I absolutely adore reading - my love for books has had a huge impact on my life! I'm going to grad school to be a children's/YA librarian.
DRAGONFLY IN AMBER is the second novel in the main OUTLANDER series. The book carries on the story begun in OUTLANDER, but begins with a brief framing story set in 1968, in which Claire Randall visits a young Oxford don named Roger MacKenzie in Inverness, in search of answers for her daughter, Brianna. Her request is unusual; she has a list of names, Jacobite soldiers who fought with Prince Charles Edward Stuart’s army, who took part in the disastrous battle at Culloden in 1746. What happened to these men, she asks, following the battle? Roger is surprised at her intensity, but intrigued at her question—and intrigued even more by her red-haired daughter. The answer to Roger’s search leads all three to an unexpected grave—and to a revelation that will turn all their lives inside-out.

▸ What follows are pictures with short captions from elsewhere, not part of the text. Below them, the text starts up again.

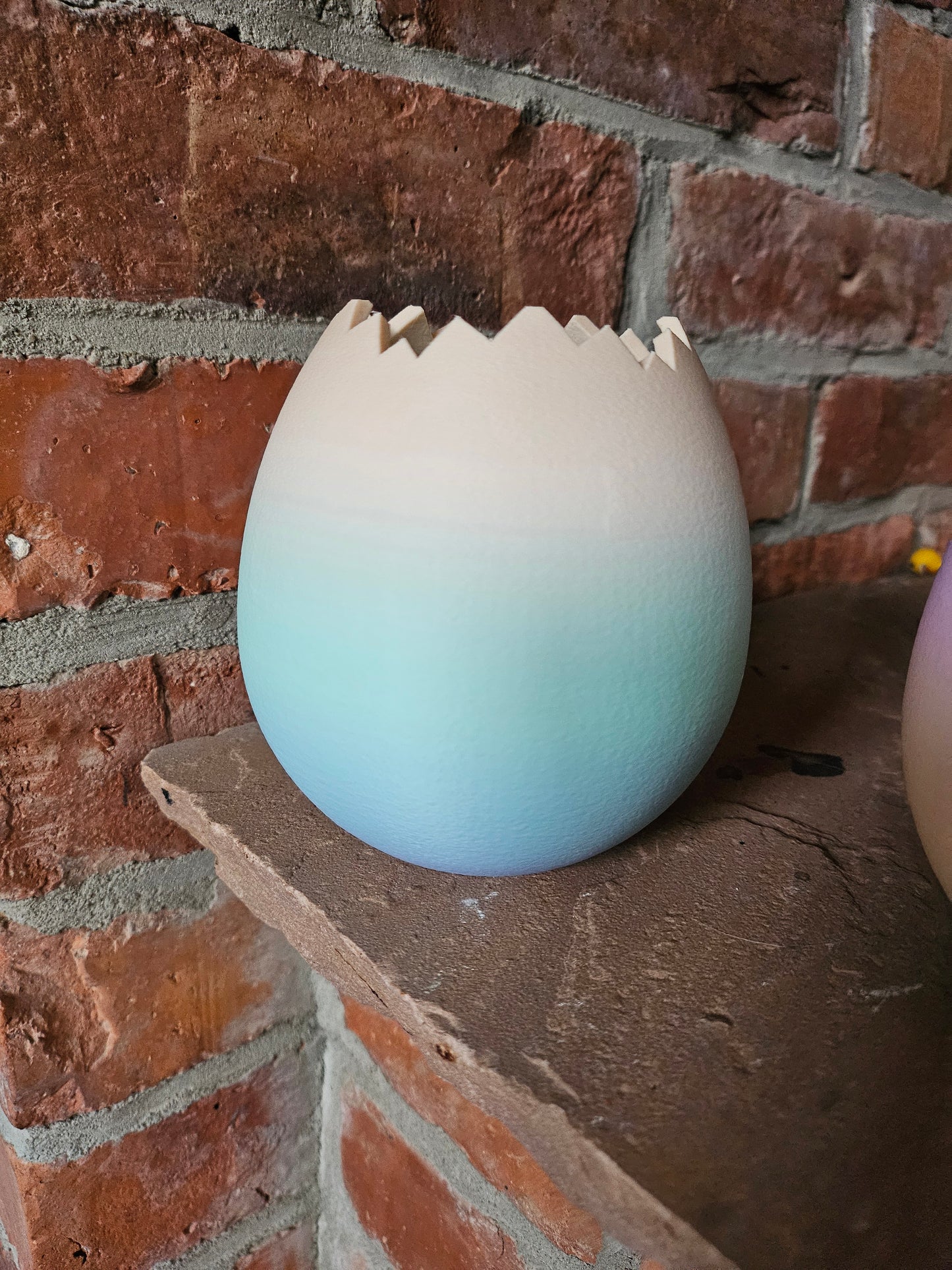 X Eierschalentopf bunt Osterei Osternest 3D Druck Pflanzenzubehör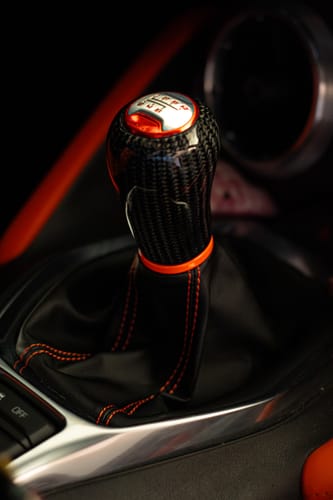 Customer photo review of 2016-2024 Chevy Camaro Custom Carbon Fiber Manual Shift Knob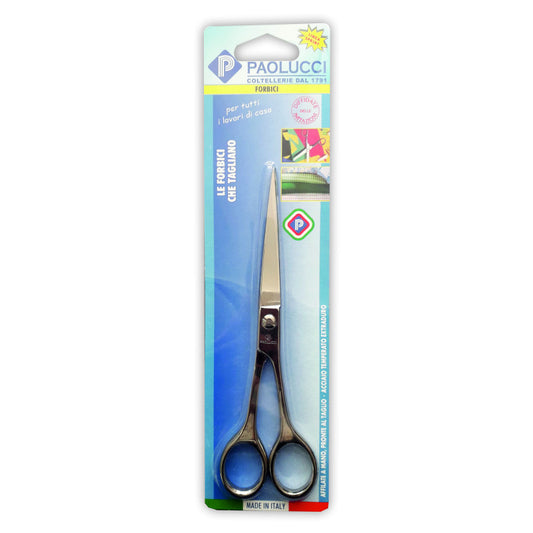 PAOLUCCI SPRINT FORBICI PER PARRUCCHIERE GAMBO PIATTO NICHELATE ART.47 POLL.6 1/2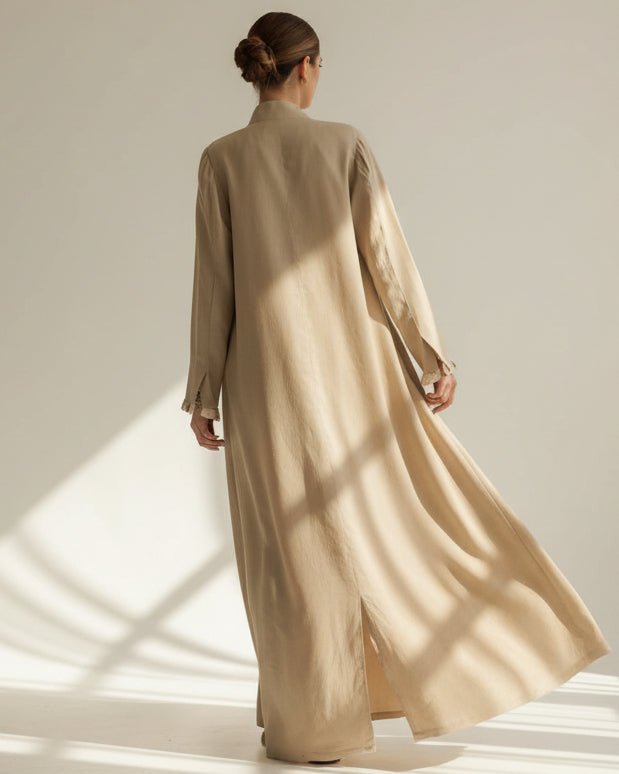 G244-BGE ABAYA - GUL - MIRA Y MANO
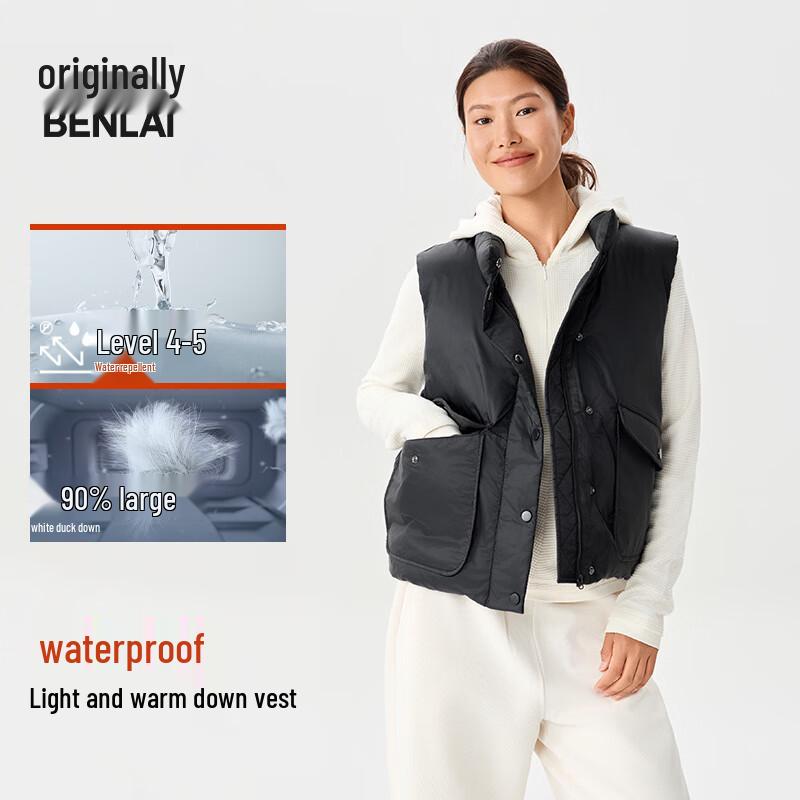 

Женский водоотталкивающий пуховый жилет BENLAI со стойкой L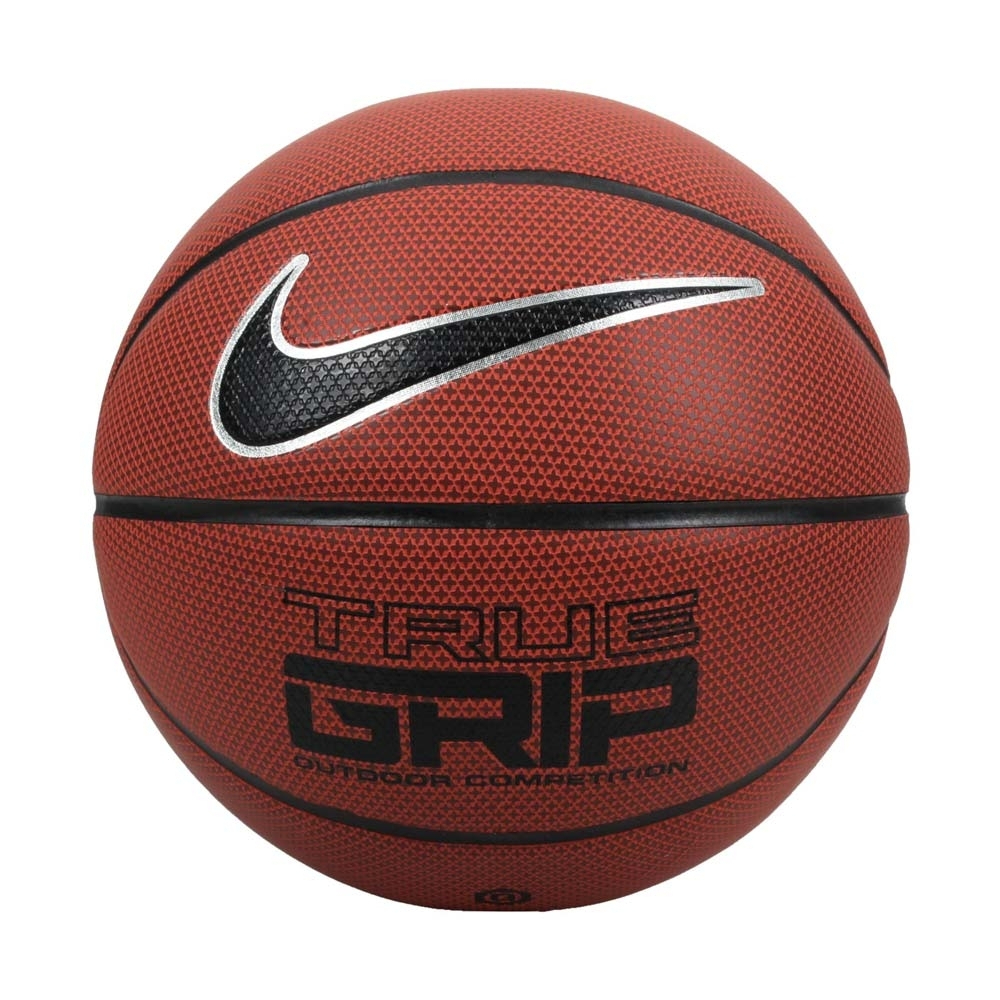 Nike Nike True Grip 籃球 耐磨 抗汙 室內 戶外 十字紋 PU  6號  橘黑 NKI0785506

Claire tells Roger and Brianna what happened during the year before the Stuart Rising: the political intrigues, the chain of spying, betrayal, and murder that led her and her husband James Fraser from the court of Louis XV to the windswept moors of the Scottish Highlands and the blood-soaked ground of Culloden. The horrifying trap of circumstance and honor that sent her back to the future—and the present set of circumstances that have led her to her quest, and to a still more shocking revelation. (source)
Diana Gabaldon is quickly becoming one of my favorite authors. This is only the second book of hers that I've read, but I found it to be almost as amazing and addictive as its predecessor, Outlander. Claire Beauchamp's adventures are thrilling and I can't wait to find out what happens next!
The beginning of this book is utterly bewildering - and it's intended to be so. Claire's back in the modern world with Jamie's daughter, Brianna, who has absolutely no idea that her beloved "Daddy," aka Frank Randall, is not her biological father. When Claire shatters Brianna's world with the truth, she's furious, and the vast majority of the remainder of the book covers how Claire came to leave Jamie and return to Frank. Throughout the book, therefore, there is a sense of impending tragedy, as the reader knows that only something truly awful could compel Claire to leave Jamie's side.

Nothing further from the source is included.